All async operations have error boundaries or catch blocks

An unhandled promise rejection in a Cloudflare Worker crashes the request. Every await needs try/catch.

Unhandled promise rejections logged and alerted on

addEventListener('unhandledrejection') in the worker global catches escaping rejections.

Graceful degradation on dependency failures — external APIs, DB, KV

If your KV session store is unavailable, should all users get 500? Or can you degrade gracefully to read-only mode?

Auth flow tests: login, logout, session expiry, protected route rejection

The most important tests to have. Auth regressions are silent until a user reports data they shouldn't see.

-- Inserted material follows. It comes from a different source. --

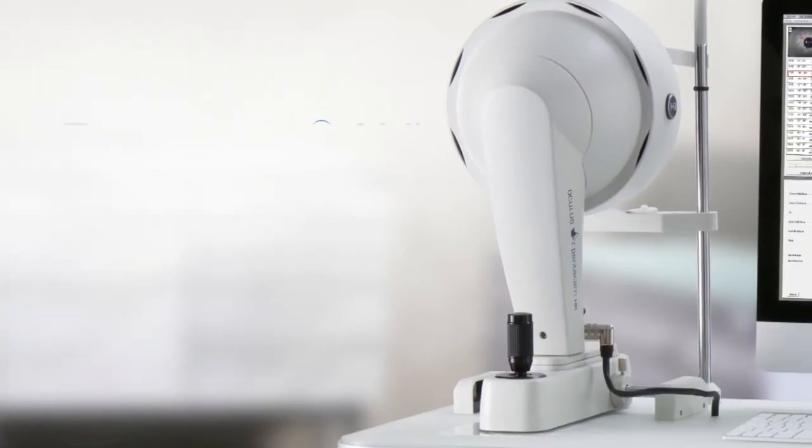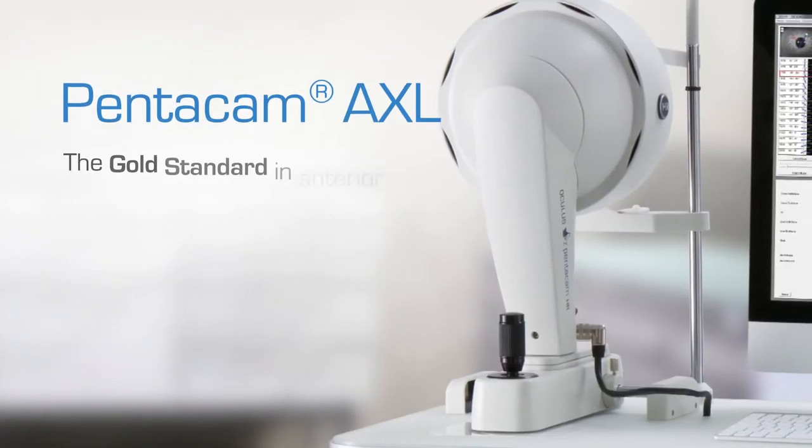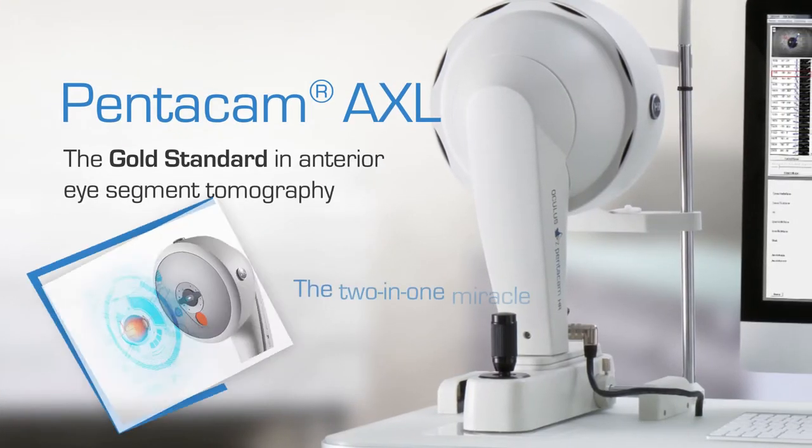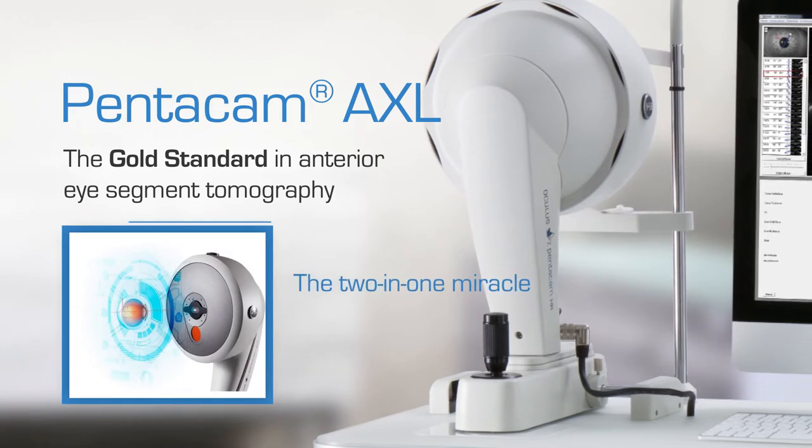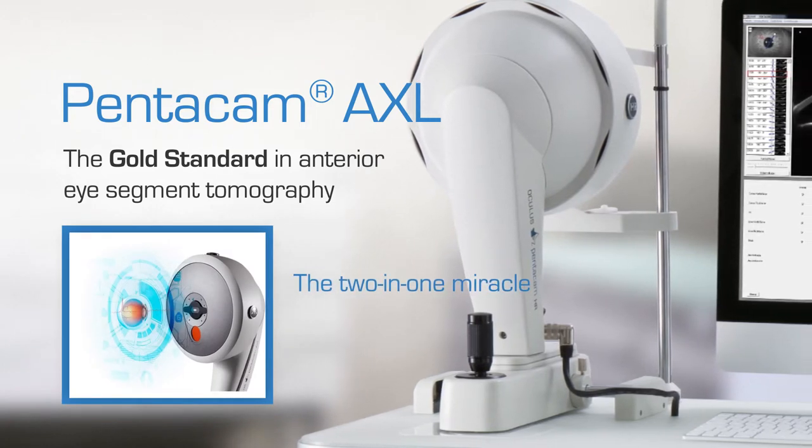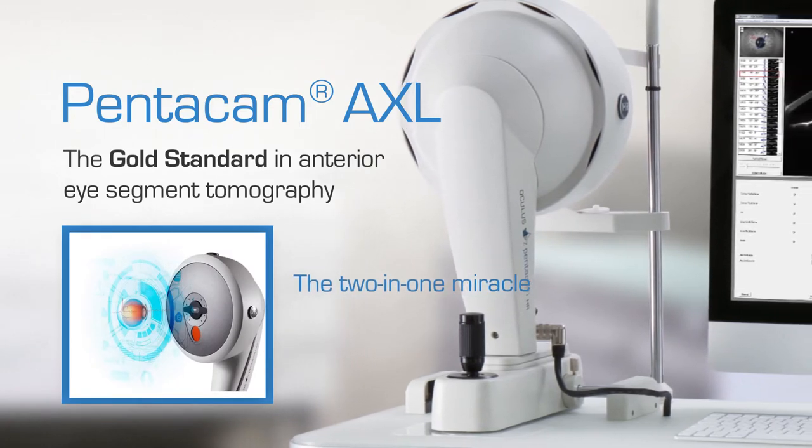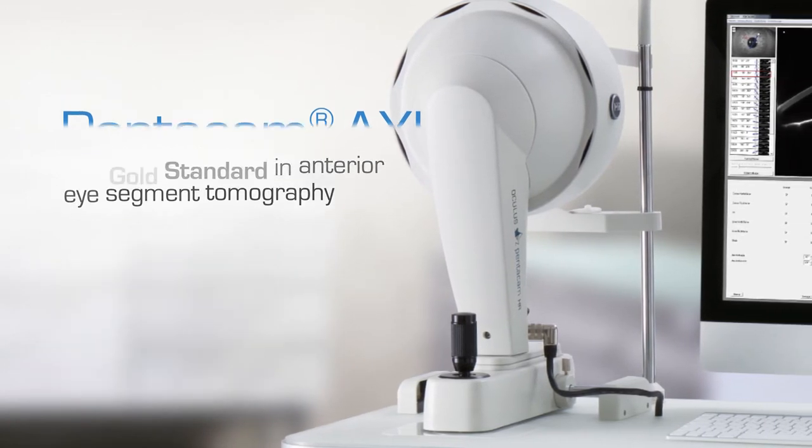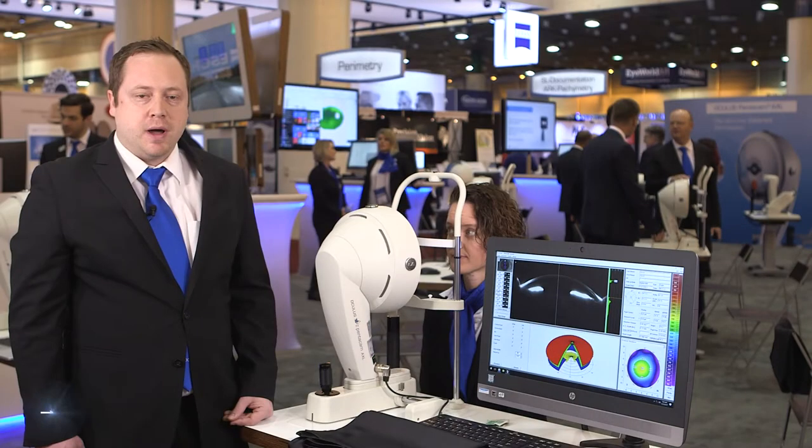Pentacam AXL is the newest model of Pentacam from Oculus and it's the only device in the US that combines Scheimpflug technology with optical biometry.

Multi-tenant isolation test: confirm tenant A cannot read tenant B's data

Seed two tenants, cross-query from tenant A, assert 404 not 200. Run this test on every schema change.

Billing test: checkout, webhook receipt, tier upgrade, failed payment

Use Stripe's test webhook CLI to replay real webhook payloads in your test environment.

Rate limit test: confirm limits are enforced at the specified threshold

Don't just test that rate limiting exists — test that it fires at the right count and resets correctly.

Coverage target documented and measured in CI — not just locally

A coverage gate that only runs on your laptop is not a coverage gate.

Threat model exists and has been reviewed — even informally

A one-page STRIDE analysis for your specific architecture is better than generic security advice from a blog post.

ADRs document key architectural decisions — auth strategy, data isolation approach, third-party dependencies

ADRs prevent the next developer (or AI agent) from undoing decisions that have non-obvious reasons.

Architectural constraints documented for AI coding agents in machine-readable form

A .ai/constraints.yaml file read by Cursor or Claude Code prevents agents from bypassing auth or adding insecure patterns.

CHANGELOG maintained for significant changes — what shipped, when, and what it changed

A CHANGELOG is not a luxury. It is how you debug production incidents that correlate with recent deploys.

Rollback plan documented for every deployment — not improvised in an outage

Know which wrangler rollback command, git revert, or database migration to run before you deploy.

Feature flags in place for high-risk changes — especially billing and auth changes

A feature flag lets you disable a broken feature without a full rollback.

Database migrations tested on staging before production — not skipped

A migration that drops a column and adds a new one is a multi-step operation that can fail midway.

CDN and cache invalidation strategy documented — stale assets after deploy are a user-visible bug

Deploy a new API contract, forget to bust the CDN cache, watch old JS call new endpoints with wrong payloads.

Zero-downtime deployment verified — especially for schema migrations that run while traffic is live

Adding a NOT NULL column without a default to a live table will fail every inflight request during migration.